Nesse contexto, a utilização da tecnologia blockchain é capaz de democratizar o acesso a investimentos em startups e, portanto, favorecer um ambiente em que elas possam crescer. A sua evolução é impressionante, evidenciada, inclusive, pelo uso dos tokens citados acima. Inicialmente, eles eram aplicados em ativos digitais, como criptomoedas. Hoje, temos ativos reais e físicos, como ações, imóveis e até obras de arte. A transformação desses ativos em tokens digitais facilita a posse fracionada, por exemplo. Um levantamento realizado pelo Market Research Future aponta para uma taxa de crescimento anual composta (CAGR) de 19,6% da tokenização, destacando-se como um processo extremamente relevante para o setor financeiro.
O uso da tecnologia também pode favorecer o desenvolvimento de iniciativas de impacto social, algo em alta no cenário atual e um nicho muito explorado pelas startups.
O Banco Industrial e Comercial da China é um exemplo de instituição do mercado financeiro que agarrou o debate climático e deu um passo nessa direção. O maior banco do mundo possui 40 aplicações de blockchain. Dentre as mais inovadoras, está o Icago, um sistema que contabiliza a utilização de veículos “verdes” pelos usuários, como trens, ônibus ou carros elétricos, e os premia por isso. Para fazer isso, o blockchain do banco cruza as carteiras dos seus clientes com os dados de transporte do governo. Os créditos de carbono são emitidos pela comissão de trânsito como tokens não fungíveis (NFTs) e podem ser trocados pela nova moeda digital do banco central da China.

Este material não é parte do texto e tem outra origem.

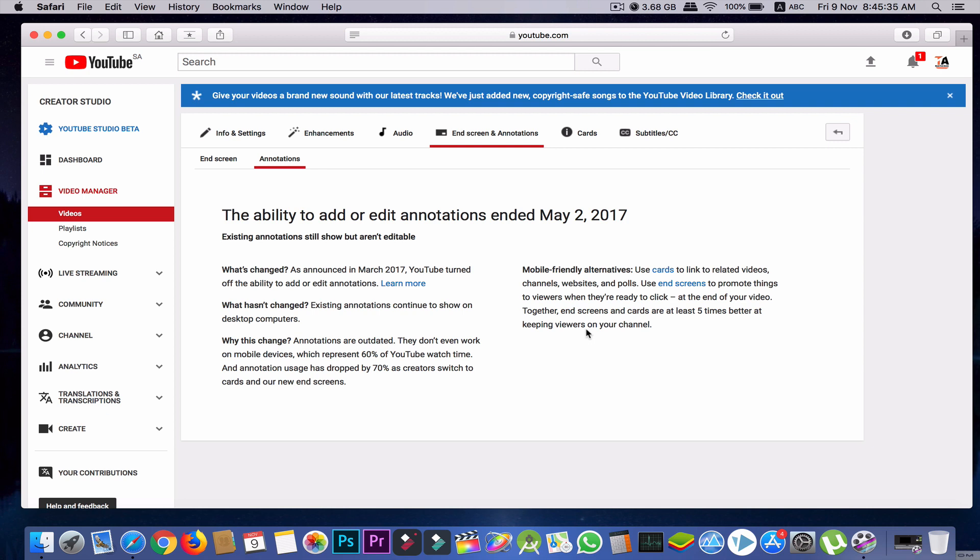YouTube turned off the ability to add or edit annotations. Now the question is: why did YouTube turn off this annotation option? Now I'll explain why they turned off that annotation option.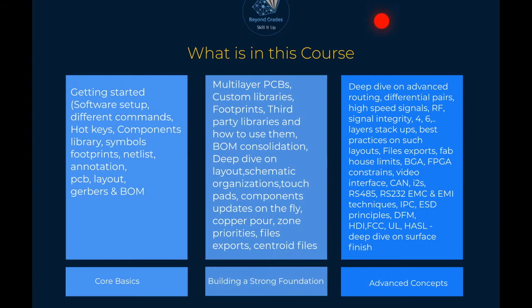BOM consolidation is a very key feature at the intermediate level. We're also going to do a deep dive on layout — how do we perform layouts involving power? What are our grounds, what are the different power planes, how do we separate different signals? Is this a clock signal — where is it supposed to be laid? Are we talking about an oscillator — where do we put it? We'll also move into better schematic organization.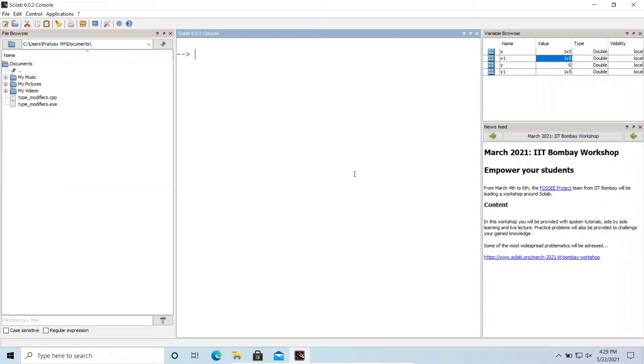Welcome back to our new session. In this session, we're going to learn about how to plot sine, cosine, tan and cot. So without wasting any more time, let's begin.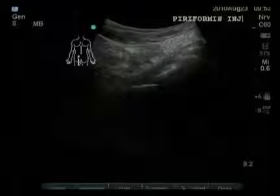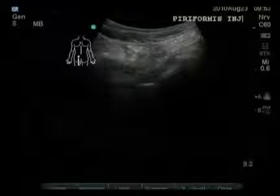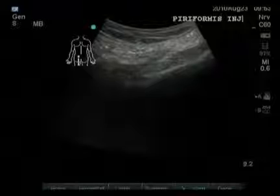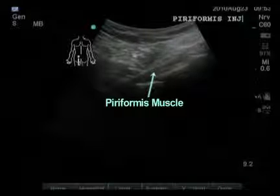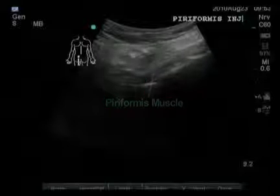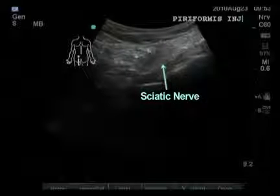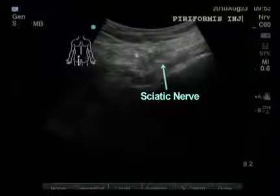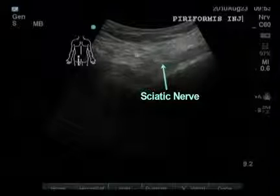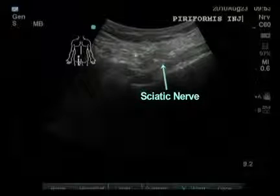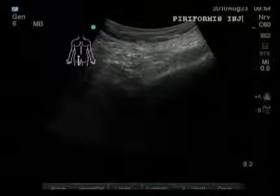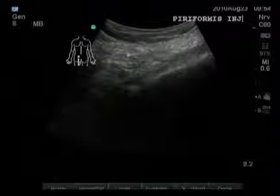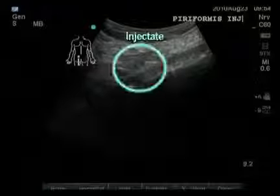This is the short axis view and the curvilinear probe is applied in the transverse orientation. The leg is being adducted and abducted to show the muscle moving. The sciatic nerve is clearly visible in the substance of the muscle — it is the band-like hyperechoic structure. The injectate is the hypoechoic structure that grows within the substance of the muscle.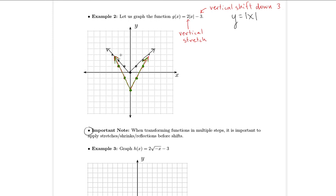Whichever of those ways makes sense to you is totally fine. The one thing you have to avoid is shifting all points down three first and then multiplying by two, because that's in the wrong order. What I just did is different — I said, where's my new starting point, and then from that starting point, I apply stretches and shrinks correctly so everything ends up in the right place.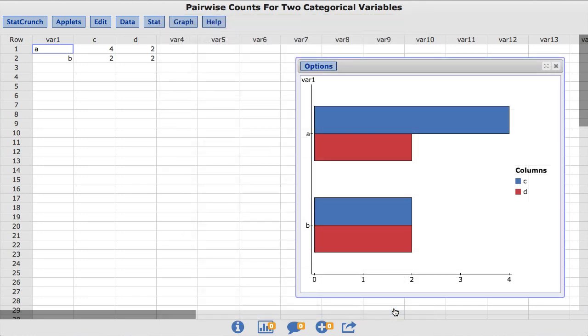The resulting chart shows the bar labels drawn on the Y axis with the bars drawn horizontally to the appropriate values. The legend indicates the red bars show the values for the C column and the blue bars show the values for the D column.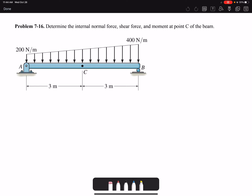Hello everyone. In this video I'm going to solve problem 16 of chapter 7: determine the internal normal force, shear force, and moment at point C of the beam. Before we find the internal loadings, we need to draw the free body diagram for the entire beam and find the reaction forces.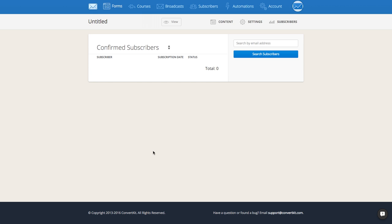So that's it — that's how you create a form within ConvertKit. If there's anything that I missed in this video or you have any further questions, feel free to email us at support@ConvertKit.com.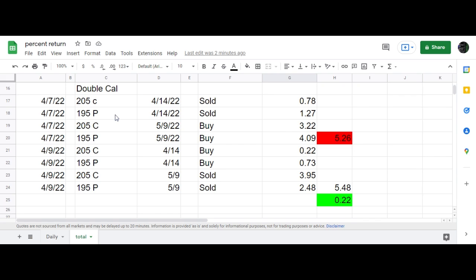I put that on as a 205/195 double calendar for a week. As you can see, the expiration date was scheduled for 4/14. It closed out on 4/9.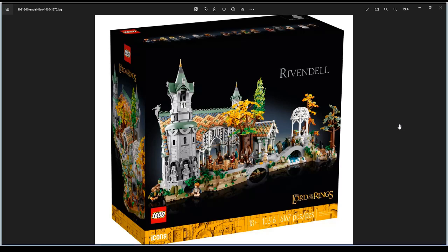So here we have it, after an epic teaser from yesterday it's now official - LEGO Lord of the Rings is back. We have it in the Rivendell set, set number 10316, 6167 pieces, icons collection.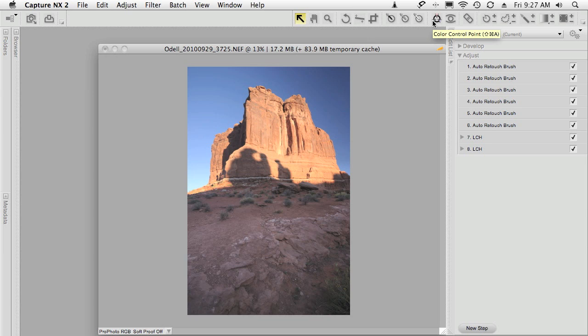Hi, I'm Jason O'Dell and this is a Capture NX2 tip. In this example, I've got a landscape shot where I've accidentally used my polarizer a little bit too strong in a direction that caused uneven polarization in the sky.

Considerando um cenário em que a emergência climática tem sido tema central nos debates políticos e o ESG, sigla que vem orientado até ações de empresas, utilizar do blockchain para recompensar os consumidores é uma estratégia inteligente a ser explorada no mercado financeiro.
Desafios ainda existem
Apesar dos benefícios, a adoção do blockchain enfrenta desafios consideráveis. A escalabilidade é um problema persistente: as redes blockchain enfrentam dificuldades para lidar com grandes volumes de transações. A complexidade técnica e a falta de padrões regulatórios também são barreiras para sua adoção em massa. Além disso, a integração com softwares desatualizados e a resistência à mudança cultural podem ser obstáculos significativos para empresas estabelecidas.
Mesmo assim, o futuro do blockchain no mercado financeiro é promissor e repleto de potencial. Com a sua capacidade de oferecer segurança robusta, transações mais rápidas e custos reduzidos, é apenas uma questão de tempo até que mais empresas considerem essa tecnologia. O ritmo dessa adoção pode ser influenciado pela resolução dos desafios regulatórios e técnicos, mas, independentemente do tempo que levará, certo é que o blockchain continua sendo um catalisador de inovação e transformação no mercado financeiro.
A pergunta que permanece é se a tecnologia blockchain é apenas o pontapé para uma série de mudanças que iremos assistir a curto e médio prazo.